Change (3/May/2018): I added one line apart from the old answer. The old one itself is self-sufficient to this question, but it real practice we initialize 'target network' as the same value to the 'behavioural network'. I added this point. Search the line having 'Change0': You need to do this only once right after when the target network's parameters are just initialized. Without 'Change0', you first round of gradient-based update would become nasty since Q_target and Q_behaviour are not correlated while you need both to be somewhat related ex) TD = r + gamma*Q_target - Q_behaviour for the update.
Seems a bit late but hope this helps.
The critical problem of TF-RNN series possess is that we cannot directly designate the variables for RNNs unlike plain feedforward or convolutional NNs, so that we can't do simple work - get EMAed vars and plug into the network.
Let's go into the real deal(I attached a practice code to look-up for this, so please refer EMA_LSTM.py).
Shall we say, there is a network function containing LSTM:
def network(in_x,in_h):
# Input: 'in_x' is the input sequence, 'in_h' is the initial hidden cell(c,m)

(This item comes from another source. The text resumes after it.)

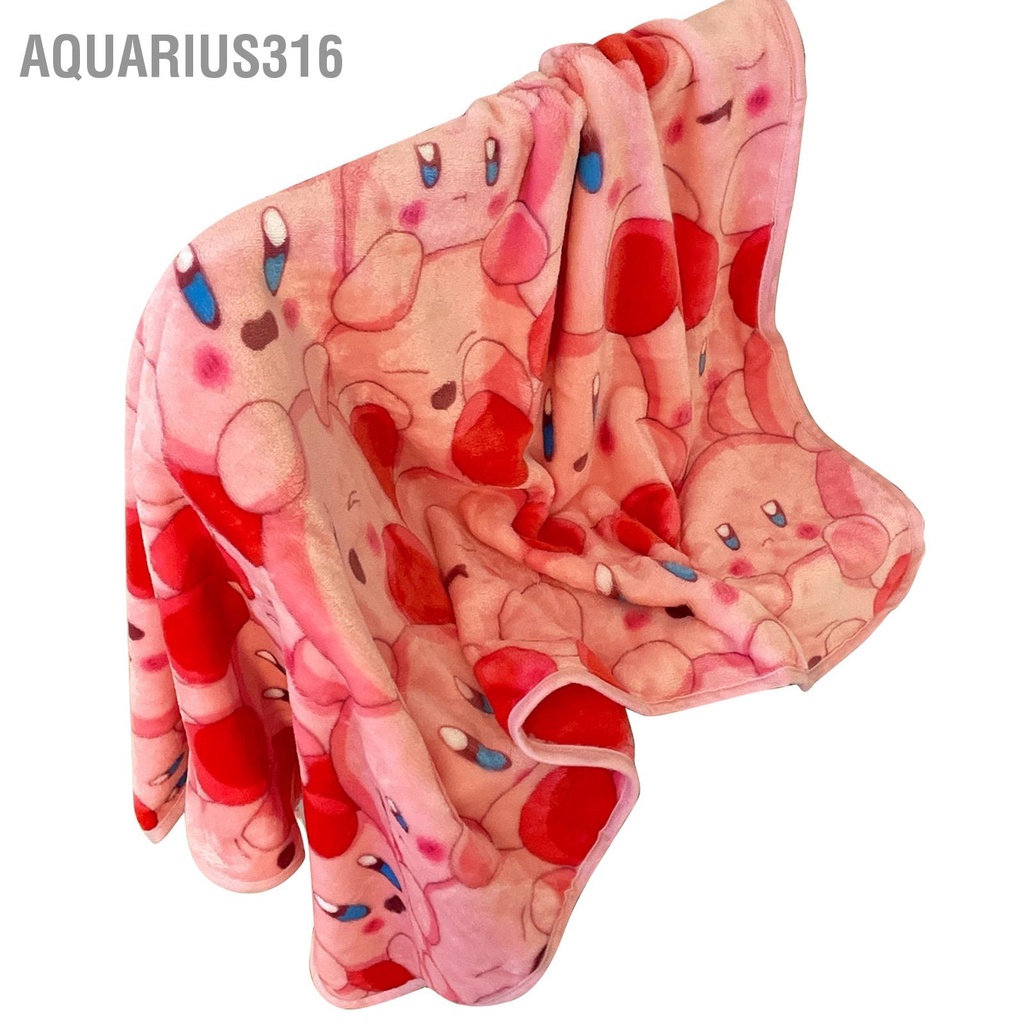 aquarius316-ผ้าห่ม-ผ้าสักหลาด-น้ําหนักเบา-อบอุ่น-สําหรับเตียงนอน-โซฟา-สํานักงาน-บ้าน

# Output: 'hidden_outputs' is the output sequence(c-sequence), 'net' is the list of parameters used in this network function
cell = tf.nn.rnn_cell.BasicLSTMCell(3, state_is_tuple=True)
in_h = tf.nn.rnn_cell.LSTMStateTuple(in_h[0], in_h[1])
hidden_outputs, last_tuple = tf.nn.dynamic_rnn(cell, in_x, dtype=tf.float32, initial_state=in_h)
net = [v for v in tf.trainable_variables() if tf.contrib.framework.get_name_scope() in v.name]
return hidden_outputs, net
Then you declare tf.placeholder for the necessary inputs, which are:
in_x = tf.placeholder("float", [None,None,6])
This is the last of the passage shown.